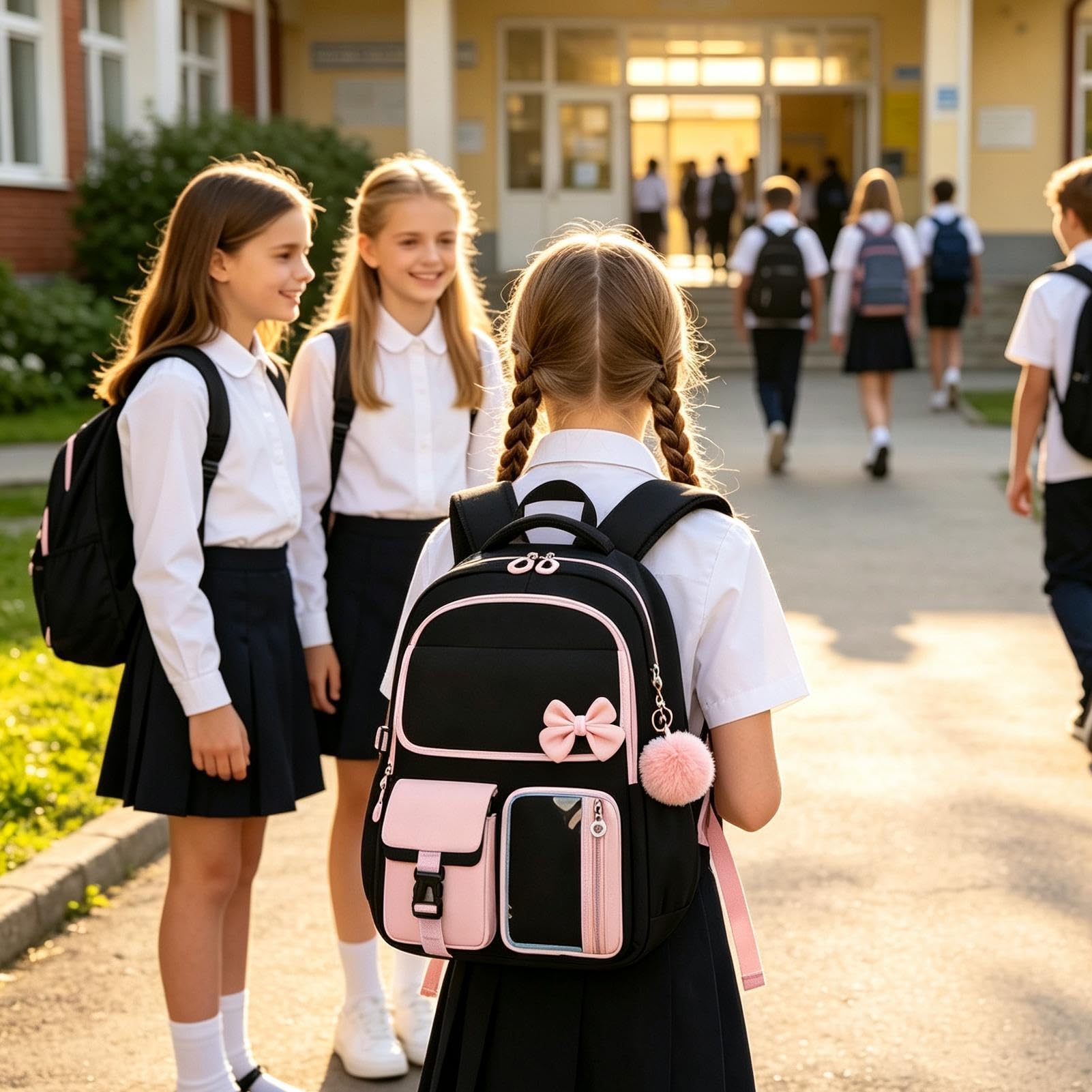 Rucksack für Mädchen mit Lunchbox 3-Teiliges Set Mit Schleife Großem | Lässiger Schulrucksack Für Mädchen Für Schulbücher, Kleidung, Schreibwaren, Geldbörse, Outdoor,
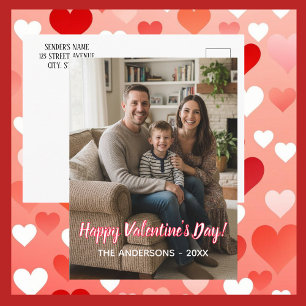 Benutzerdefiniertes Foto & Familienname. Valentins Feiertagspostkarte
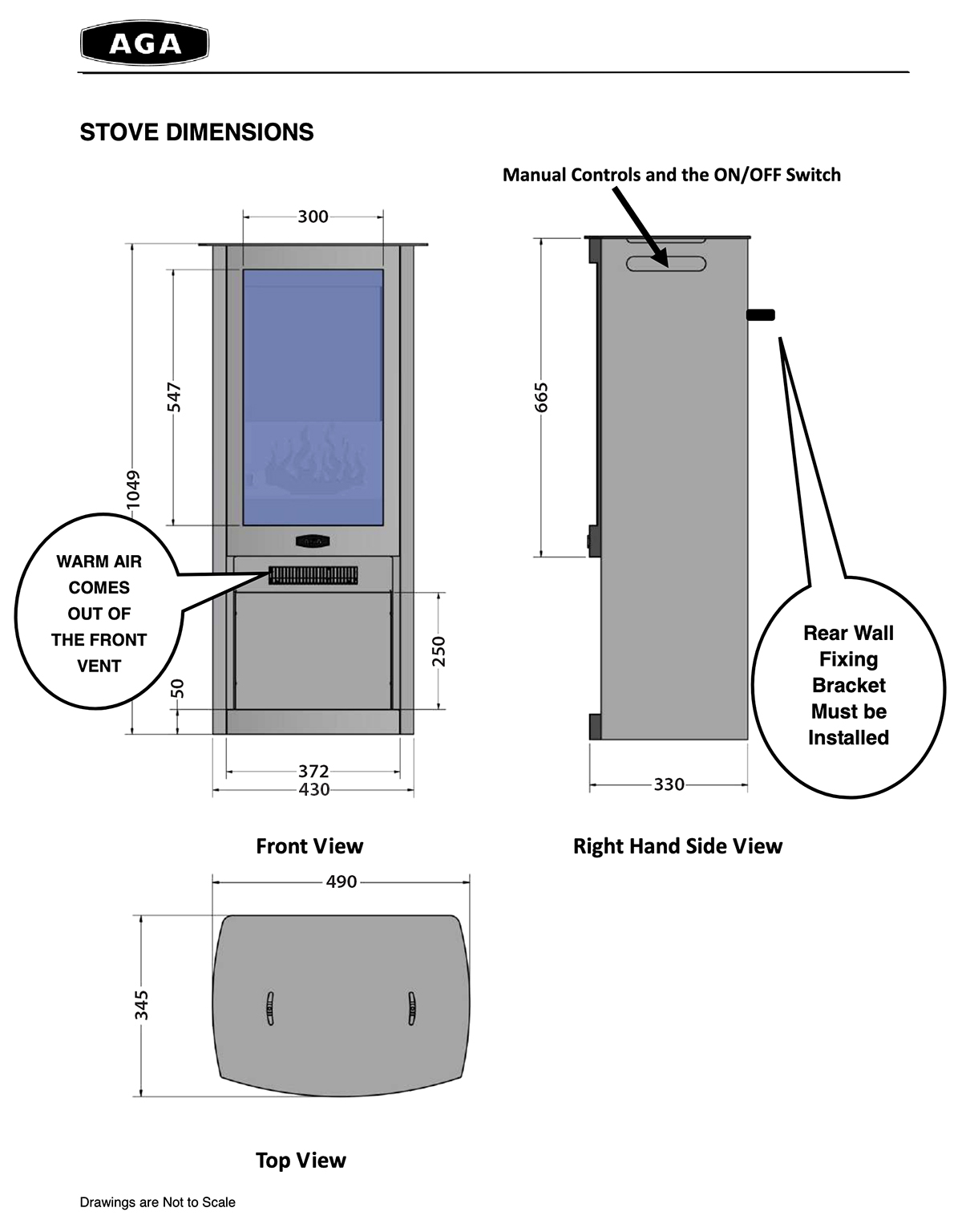 AGA Westbury Electric Stove Dimensions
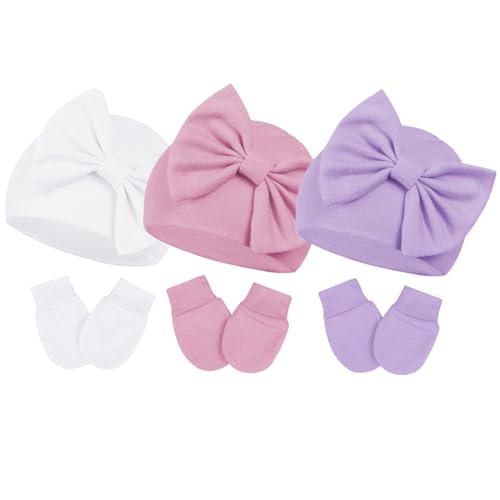 Image of Century Star Newborn Girls Hats Baby Hat and Mitten Set Big Bow Knit Infant Headbands Winter Baby Hat for Girls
----
> **The problem**: The listing above is to be set down word for word, without its images.

> **Finished task**:
 Rucksack für Mädchen mit Lunchbox 3-Teiliges Set Mit Schleife Großem | Lässiger Schulrucksack Für Mädchen Für Schulbücher, Kleidung, Schreibwaren, Geldbörse, Outdoor,
 Benutzerdefiniertes Foto & Familienname. Valentins Feiertagspostkarte
 AGA Westbury Electric Stove Dimensions
 Image of Century Star Newborn Girls Hats Baby Hat and Mitten Set Big Bow Knit Infant Headbands Winter Baby Hat for Girls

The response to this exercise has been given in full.